October 19, 2008|By Karen Nitkin | Karen Nitkin,Special to The Baltimore Sun

The Chesapeake Shakespeare Company's production of Macbeth will make your heart pound, and not just when Macbeth wields bloody daggers after murdering Duncan, or when Banquo rises, eerily, from the dead.

Like other CSC productions, Macbeth is staged at the skeletal ruins of the Patapsco Female Institute, set on an appropriately spooky Ellicott City hilltop.

But this time, instead of sitting on folding chairs, the audience walks up and down stairs, climbs hills, peers through darkness, moves from one unheated roofless room to the other, and stands outside for much of the performance.

"We think of this as eavesdropping on the Macbeths," artistic director Ian Gallanar told members of the audience before the show began.

It's a neat idea, and one particularly suited to this ghost-filled, pre-Halloween production and its spooky setting. The logistics have been carefully thought out, and as the audience is guided from one setting to another, marketing director Rebecca Ellis leads the way, saying things like "Let's go see what Lady Macbeth is doing now."

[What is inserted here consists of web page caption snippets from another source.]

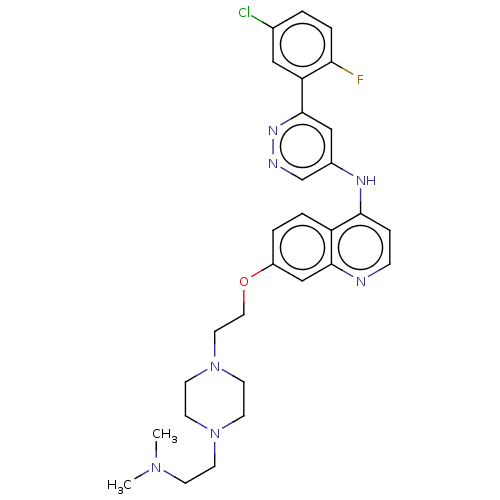 Chemical structure of BindingDB Monomer ID 645534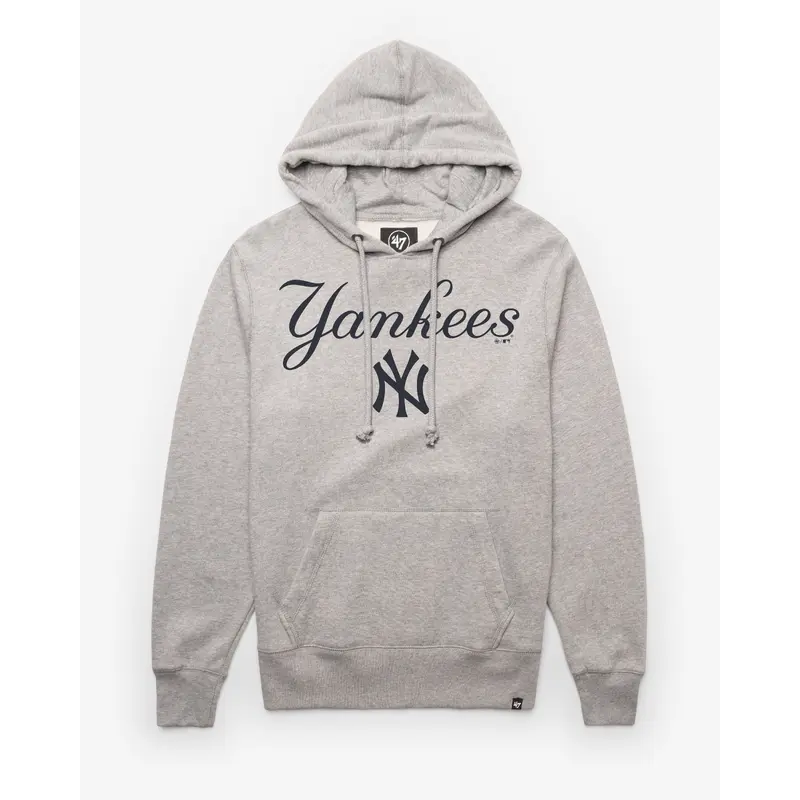 NEW YORK YANKEES PREGAME '47 HEADLINE HOOD
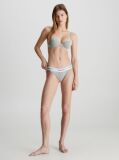 Grey Bikini Briefs - Icon Cotton Modal  Women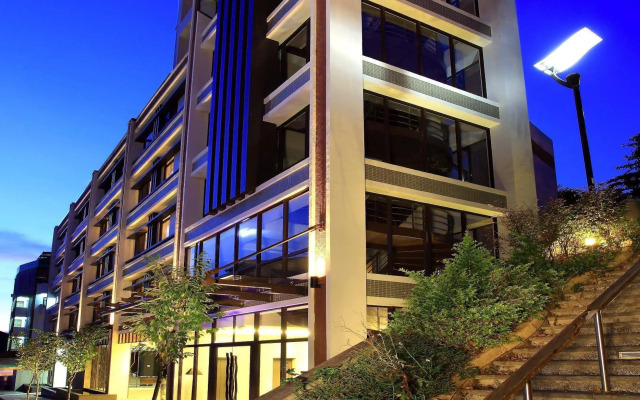 Lealea Garden Hotel Moon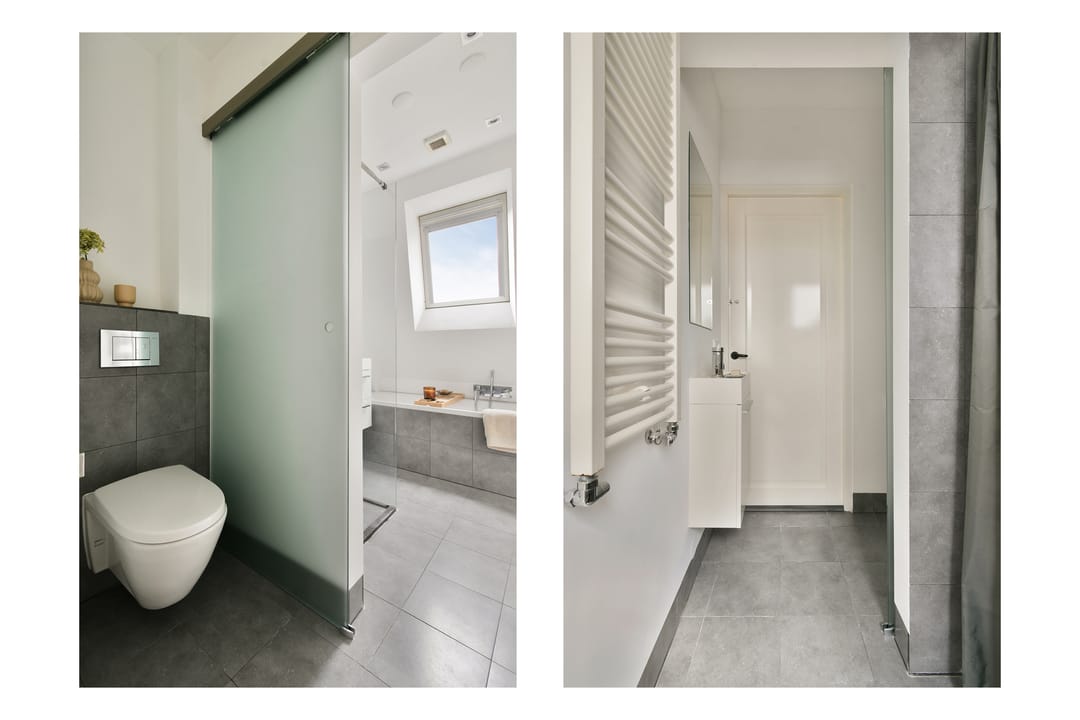 Photo 16 of Cornelis Anthoniszstraat 27-4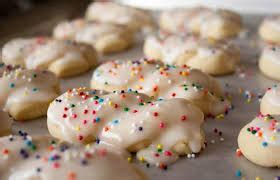 * the italians love to celebrate holidays with food and easter is one of those. Italian Easter Cookies Recipe - Laura Vitale ...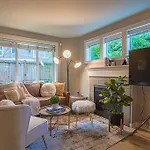 Fremont\'S Stylish Home-Lake Union View On Rooftop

But a little restraint would have gone a long way. Instead of changing locations a dozen or so times, the audience might have been better served with just two or three scene changes. Each shift in location takes more than a few minutes and requires audience members to find new places to stand or sit so they can see the action.

Though some rooms have chairs, and one outside scene offers picnic tables so audience members can feel as if they're part of a celebratory feast, the production, at 2 1/2 hours, requires a lot of standing time and stamina. And when the scenes move out into the dark night, following the action of characters dressed in dark clothing can be challenging at best.

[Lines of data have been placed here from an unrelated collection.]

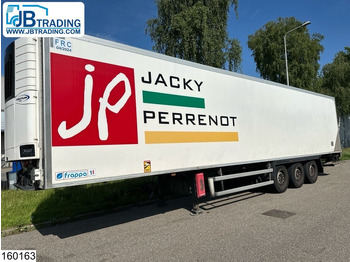 Refrigerated semi-trailer LECITRAILER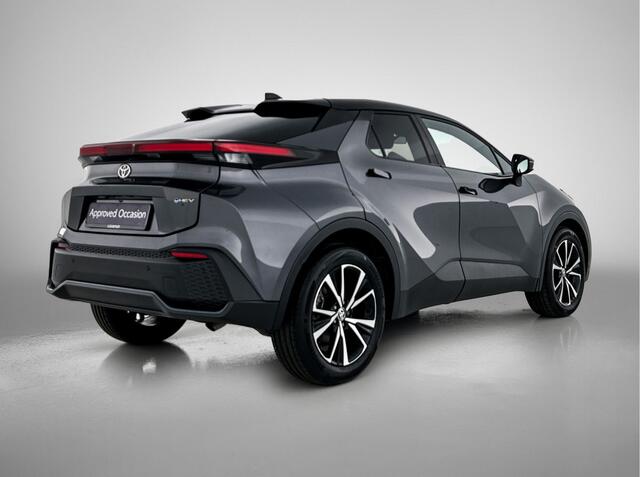 Toyota C-HR 2.0 Hybrid 200 First Edition | Stoel + Stuur verwarming | Navigatie | Blindspot | Groot Scherm |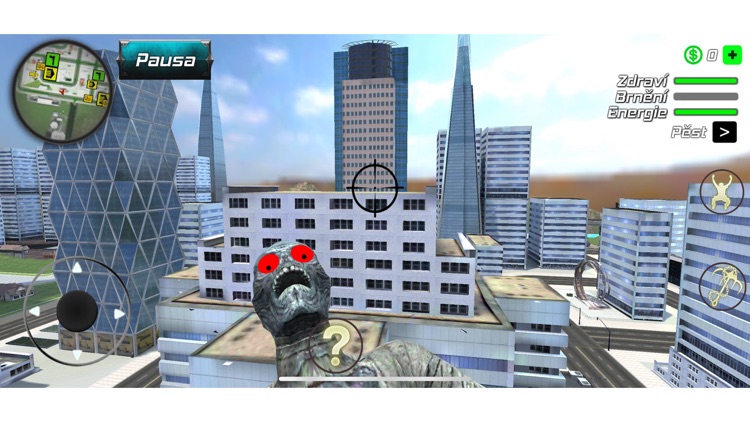 Rope Mummy Crime Simulator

The fine acting all around, particularly by Lesley Malin as Lady Macbeth and Scott Alan Small as the ambitious Macbeth, may make you forget about tired feet and the chilly October night. When Macbeth returns to his wife carrying blood-soaked daggers after murdering Duncan, the king of Scotland, the adrenaline and tension are palpable.

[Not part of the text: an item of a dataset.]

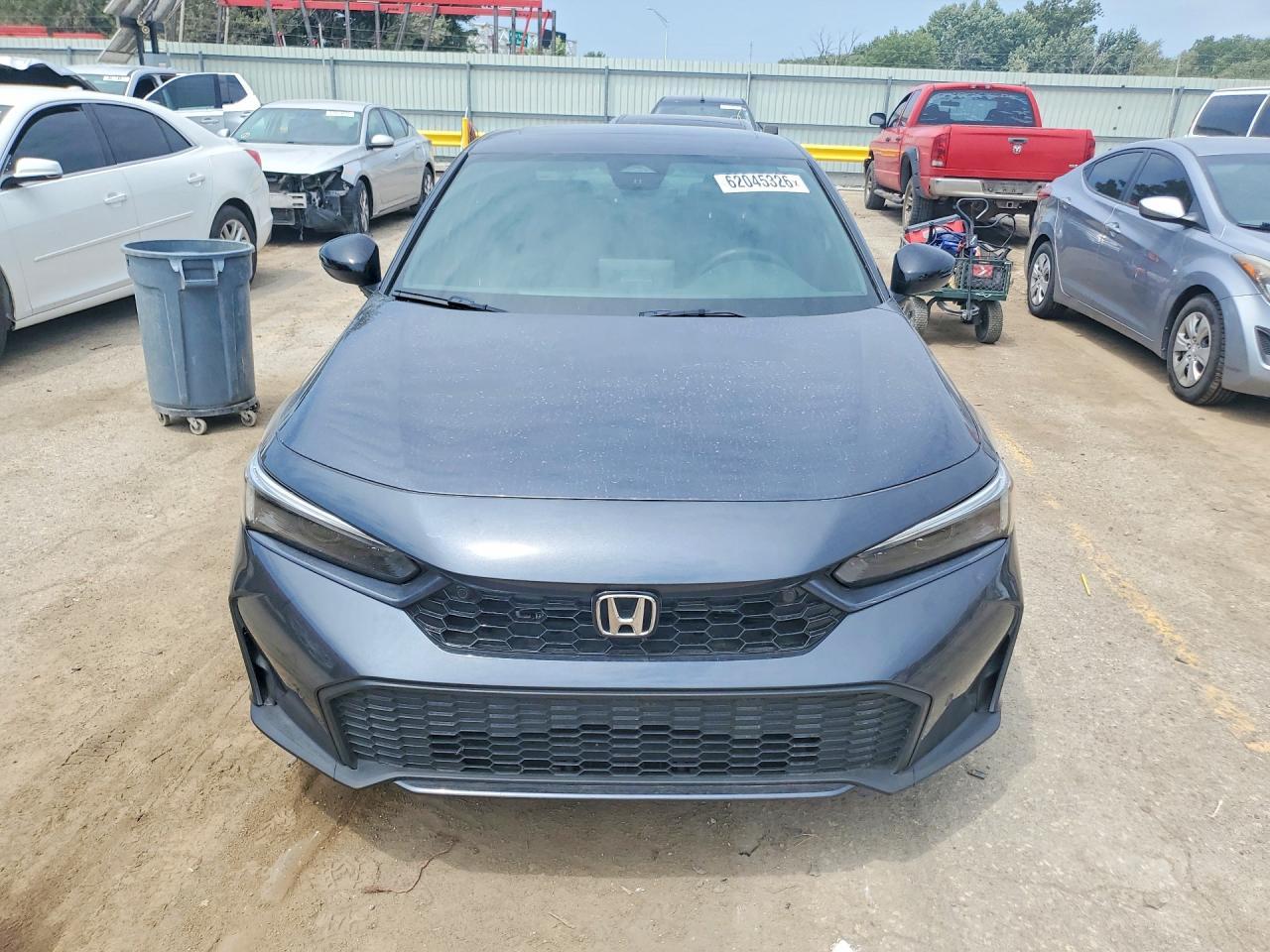 2025 Honda Civic Sport - Фото 5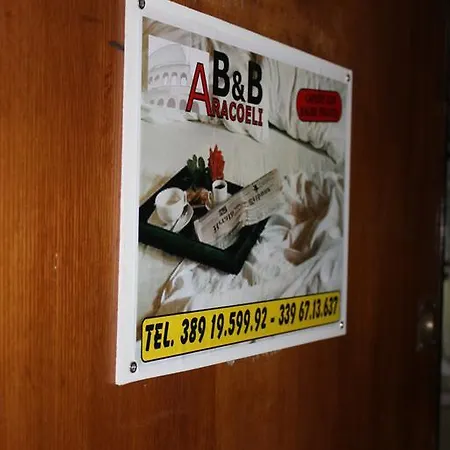 Aracoeli Bed and breakfast *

"I have done the deed," Macbeth confides, barely able to believe it himself.

The affection between the scheming Macbeth and his equally ambitious wife is also palpable, and when he calls her "my dearest love" his words contain an implied caress. Later, when she tells her husband to "screw your courage to the sticking place, and we will not fail," we can see him gaining quiet confidence from his beloved's words.

One centerpiece of "the Scottish play," as it is known, is the great banquet scene in which Macbeth, riddled with guilt and sinking into madness, sees Banquo rise from the dead after Macbeth arranged for his murder.

The company stages the banquet at outdoor picnic tables, even asking a member of the audience to pour wine into the newly crowned king's goblet. When Banquo, played by Colby Codding, emerges from the shadows with blood on his forehead, a frozen smile on his face and a blank look in his eyes, Macbeth's first reaction is to find someone other than himself to blame.

"Who has done this?" he asks, terrified, then speaks directly to Banquo: "Thou canst not say I did it. Never shake thy gory locks at me."

Like all Shakespeare productions, CSC's Macbeth is best appreciated by people who are familiar with the play. But the excellent acting brings all the terror, raw ambition and scheming of the play alive, even to those who are new to it.

Plus, it may be the only production of Macbeth that gives your body and your mind a workout.

Performances are at Patapsco Female Institute Historic Park, 3691 Sarah's Lane, Ellicott City, at 8 p.m. Fridays and Saturdays and 6 p.m. Sundays through Oct. 26. Tickets are $25; $22 for senior citizens. 866-811-4111.